[EXERCISE DETAILS] Output a faithful copy of the entries, every picture removed.

[Short web captions]
━━━━━━━━

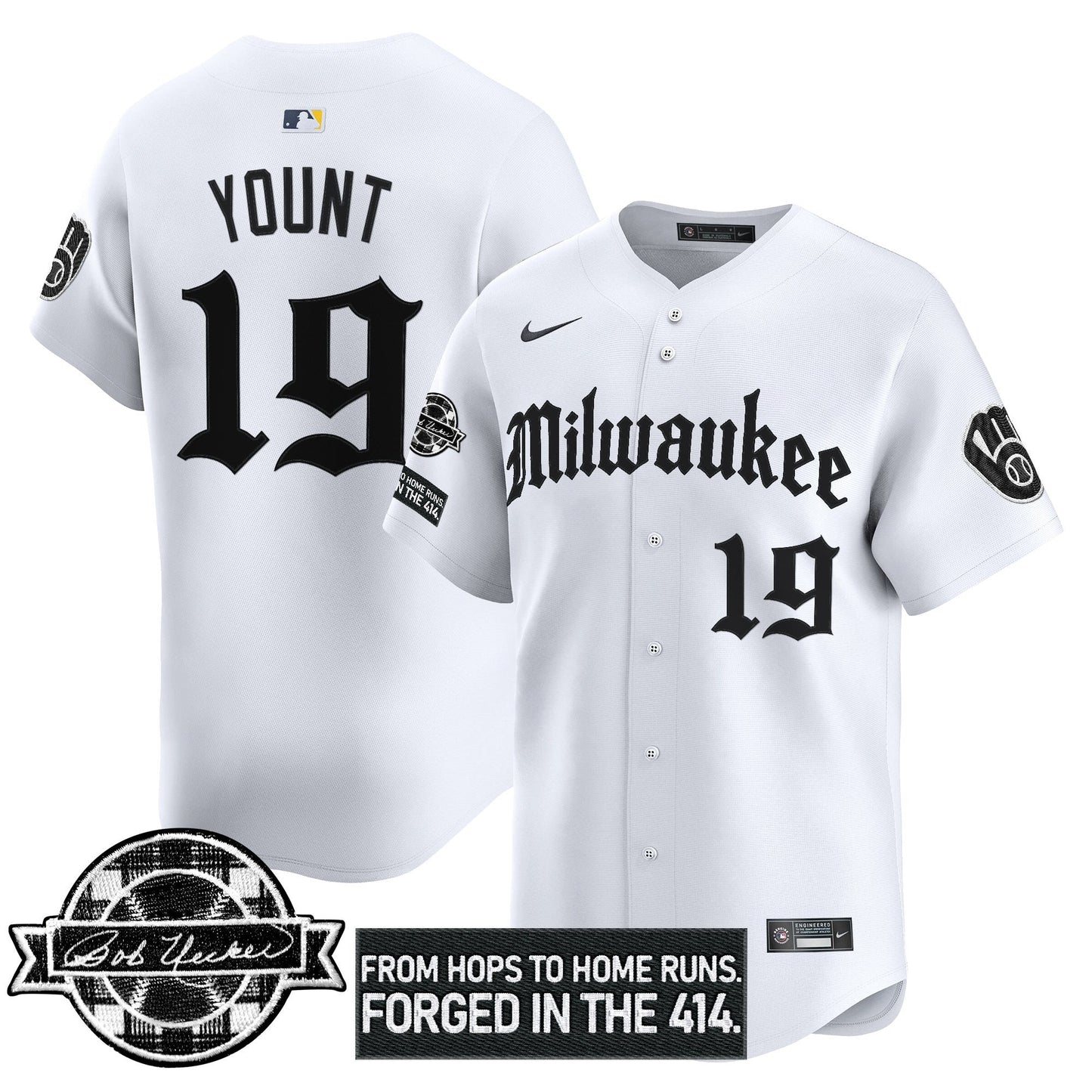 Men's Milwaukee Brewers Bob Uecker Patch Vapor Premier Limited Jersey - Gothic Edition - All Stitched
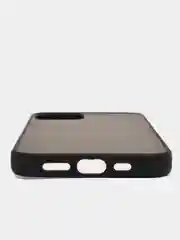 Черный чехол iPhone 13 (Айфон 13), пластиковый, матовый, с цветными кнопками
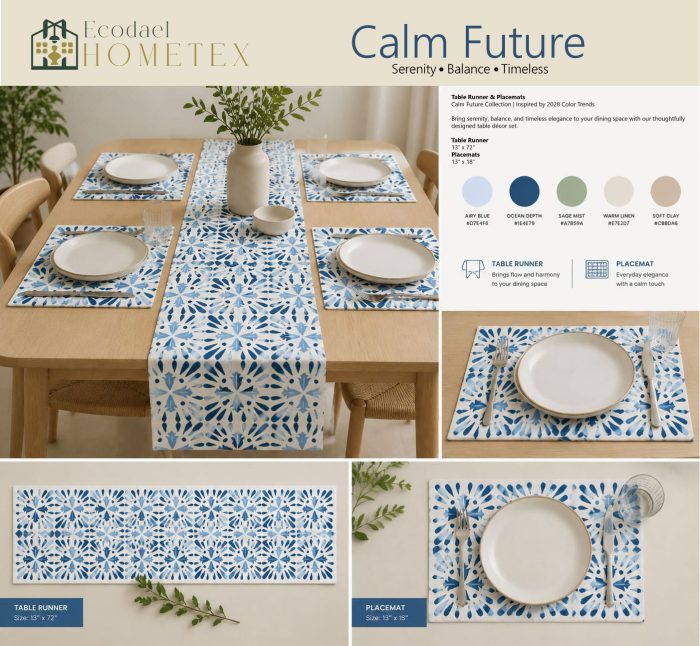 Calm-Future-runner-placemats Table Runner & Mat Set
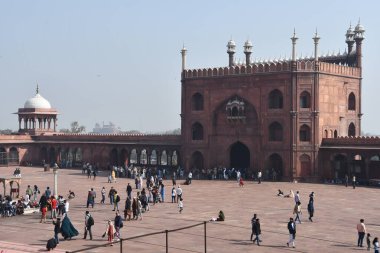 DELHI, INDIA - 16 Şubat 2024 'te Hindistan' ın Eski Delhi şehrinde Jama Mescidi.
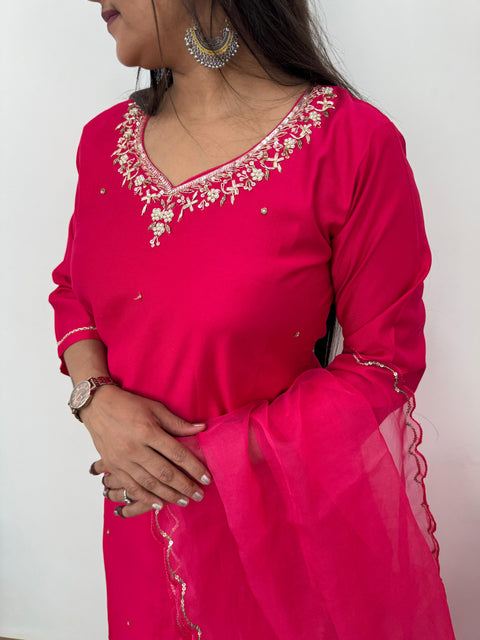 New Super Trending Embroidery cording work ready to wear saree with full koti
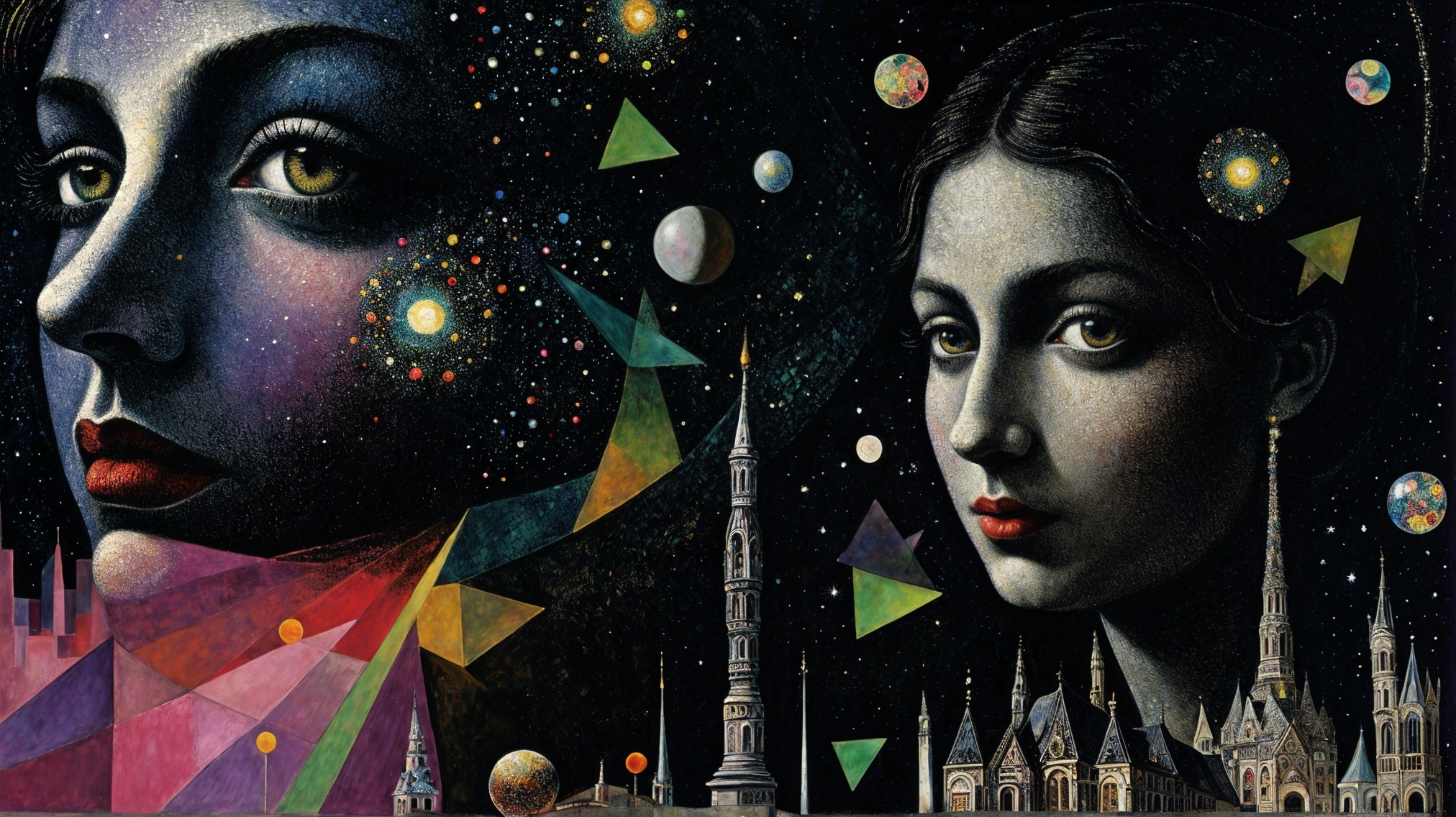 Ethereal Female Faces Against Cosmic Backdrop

━━━━━━━━

[RESULT OF THIS TASK]
 Men's Milwaukee Brewers Bob Uecker Patch Vapor Premier Limited Jersey - Gothic Edition - All Stitched
 Черный чехол iPhone 13 (Айфон 13), пластиковый, матовый, с цветными кнопками
 Calm-Future-runner-placemats Table Runner & Mat Set
 DELHI, INDIA - 16 Şubat 2024 'te Hindistan' ın Eski Delhi şehrinde Jama Mescidi.
 New Super Trending Embroidery cording work ready to wear saree with full koti
 Ethereal Female Faces Against Cosmic Backdrop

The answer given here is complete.